Lacking Bibi’s star quality, what does tech millionaire Naftali Bennett bring to one of the most demanding jobs on earth?  


Photos: Flash90

With reporting by Omri Nahmias

 

It was a glorious Mediterranean afternoon at the Herzliya Conference, a high-level policy confab, in July 2019. Under azure skies and to the sound of private planes taking off from a nearby airstrip, hundreds of people walked around peering at each other’s lanyards, sizing up whether they’d met someone worth knowing.
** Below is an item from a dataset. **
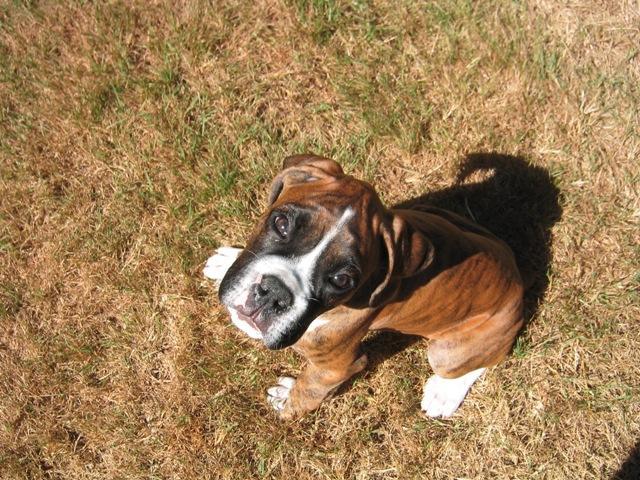 Little Ronin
Senior American think-tankers rubbed shoulders with former Israeli police chiefs; diplomats spoke with journalists; there was even a Greek admiral sparkling in his dress whites and gold braid.

As the afternoon wore on, A-list ministers like Likud’s Yisrael Katz arrived with security details; left-wing politicians such as former foreign minister Tzipi Livni were greeted with a media scrum; and Mossad boss Yossi Cohen made the rounds like a superstar.

Then came Naftali Bennett. Billed as a “former education minister”, the entrance of the right-wing leader, whose meteoric rise had marked him as future prime ministerial material, was a study in humility.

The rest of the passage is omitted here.